IN ITALIA l’opera di Moniuszko non è mai stata rappresentata, per esempio. A proporne adesso una sorta di mise en espace ci ha pensato il Consevatorio Santa Cecilia di Roma collaborando con l’Università della Musica Fryderick Chopin di Varsavia (in Polonia esiste una università musicale). Come quasi tutto il teatro musicale europeo, anche Moniuszko individua il modello di partenza in Rossini. Del resto, come ha scritto Carl Dahlhaus, la musica europea trova, all’inizio dell’800, due figure di riferimento: Beethoven e Rossini. Ma ciascun compositore, poi, sviluppa autonomamente il modello. Moniuszko immette nella struttura rossiniana melodie e ritmi della tradizione popolare polacca, con una operazione di musica teatrale simile a quella strumentale del suo contemporaneo Chopin. In certe arie, infatti, si riscontrano affinità proprio con le melodie polacche per voce e pianoforte di Chopin.
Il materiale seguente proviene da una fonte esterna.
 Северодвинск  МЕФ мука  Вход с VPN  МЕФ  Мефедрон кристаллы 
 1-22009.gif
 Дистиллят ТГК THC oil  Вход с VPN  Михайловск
Ma non sono le arie solistiche a prevalere nell’opera, bensì i brani d’insieme. Il che conferisce all’opera un respiro sinfonico comune a tutto il teatro slavo.
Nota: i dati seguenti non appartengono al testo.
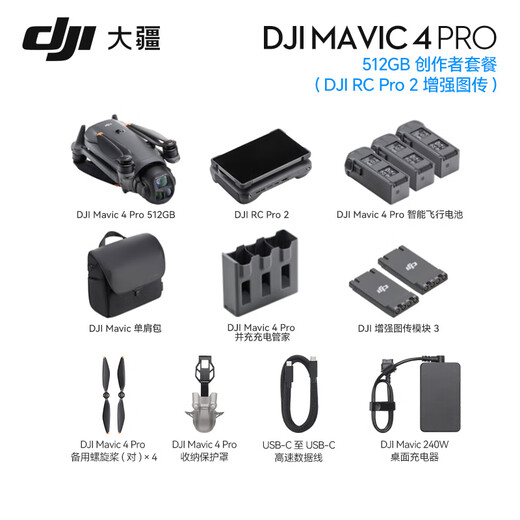 DJI Mavic 4 pro drone Mavic 4 pro aerial photography mavic4pro DJI Mavic 4 DJI drone Mavic 4pro professional remote control aircraft Hasselblad camera 10 kilometers DJI Mavic 4 Pro 512G creator set official standard 256G high-speed card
Halka è stata eseguita in una traduzione italiana, il che ha fatto perdere il respiro comune di lingua e melodia, che si sarebbe percepito se l’opera fosse stata cantata in polacco. La vicenda è semplice: un nobiluomo, Janusz seduce e mette incinta una giovane contadina, Halka, ma sposa una ragazza del suo ceto sociale. Disperata, la contadina si uccide. Il pubblico ha potuto seguire lo svolgersi dell’azione e come la musica più che le singole emozioni dei personaggi rappresentasse le reazioni collettive di tutti via via che emergono i particolari della storia, reazioni straordinariamente espresse dai pezzi d’insieme, ma non ha potuto cogliere la finezza dell’orchestrazione, perché non c’era un’orchestra, sostituita dalla trascrizione pianistica della partitura, al pianoforte un bravissimo Krzysztof Trzaskowski. Halka un’efficace Antonina Kiepuszwska, Janusz Tymoteusz Cyrkun, Jontek, il contadino invano innamorato di Halka, Piotr Halicki. Perfetto il Coro dell’Università della Musica, nell’intonare una scrittura fittamente contrappuntistica. A dirigere la compagine, con rigore, Lilianna Krych. Il folto pubblico che riempiva la Sala Accademica del Conservatorio ha applaudito con calore. In attesa che un teatro affronti anche questo importante repertorio.